Maine’s number of artisan cheesemakers grew from about two dozen in 2006 to more than 70 in 2014, according to Jeffrey Roberts, the author of “The Atlas of American Artisan Cheese” and principal consultant of the former Vermont Institute for Artisan Cheese at the University of Vermont. Roberts uses the word “artisanal” to describe cheesemakers who work largely by hand.

Roberts said the growth reflects a broader trend around the country, with the largest number of artisanal cheese makers located in New York and Pennsylvania – though Maine is closing the gap. New York had 90 in 2014 and Pennsylvania had 94 in 2013, he said.

Roberts reported in a 2012 count that there were 825 artisan cheese makers in the country, more than double the total in 2006. He added there are likely close to 1,000 now.
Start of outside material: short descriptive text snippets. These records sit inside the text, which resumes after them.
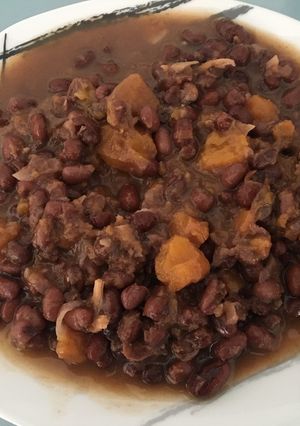 Una foto de Azukis con calabaza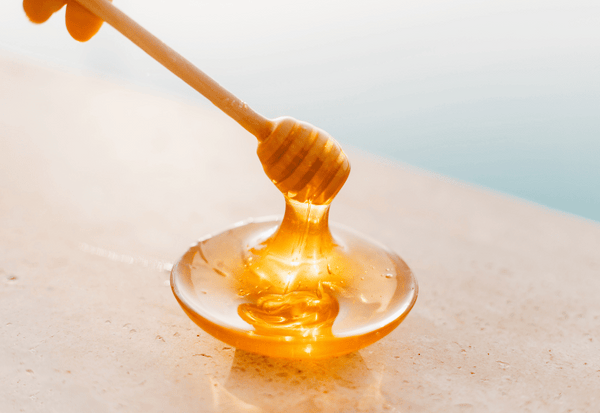 生クリームを砂糖なしで楽しむ！蜂蜜で叶える自然な甘さのレシピ
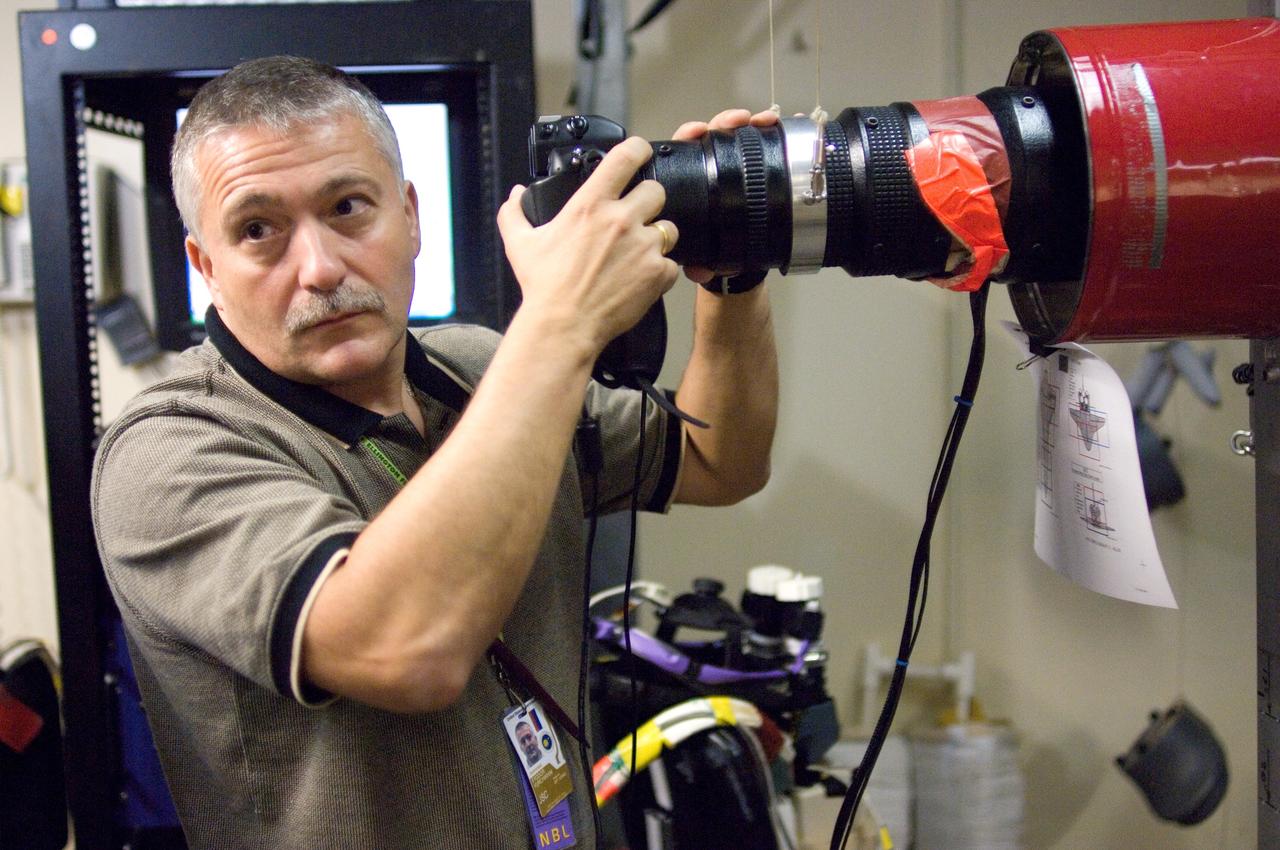 JSC2006-E-41640 (25 Sept. 2006) --- Cosmonaut Fyodor N. Yurchikhin, Expedition 15 commander representing Russia's Federal Space Agency, participates in a camera review training session in the virtual reality lab in the Space Vehicle Mockup Facility at Johnson Space Center.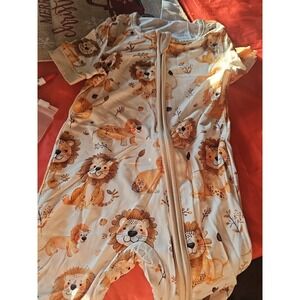 Bamboo Zippy Shorty Tan Lion  6 To 9 Months Double Zipper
The growth is a result of interest in “good food that is a reflection of good farming,” Roberts said.

Rector, who operates Monroe Cheese Studio in Monroe, said as many as 20 new cheese producers could come online in Maine by the end of the year. He said surpassing the number of artisan cheese makers in Vermont, a state that is known around the country for its cheese, was a major accomplishment for Maine’s industry. Roberts said Vermont had 51 artisanal cheesemakers in 2014.

“Local food is a big movement,” Rector said. “Small cheese makers here have benefited from people being more aware than they were ten years ago of the value of agriculture in our community.”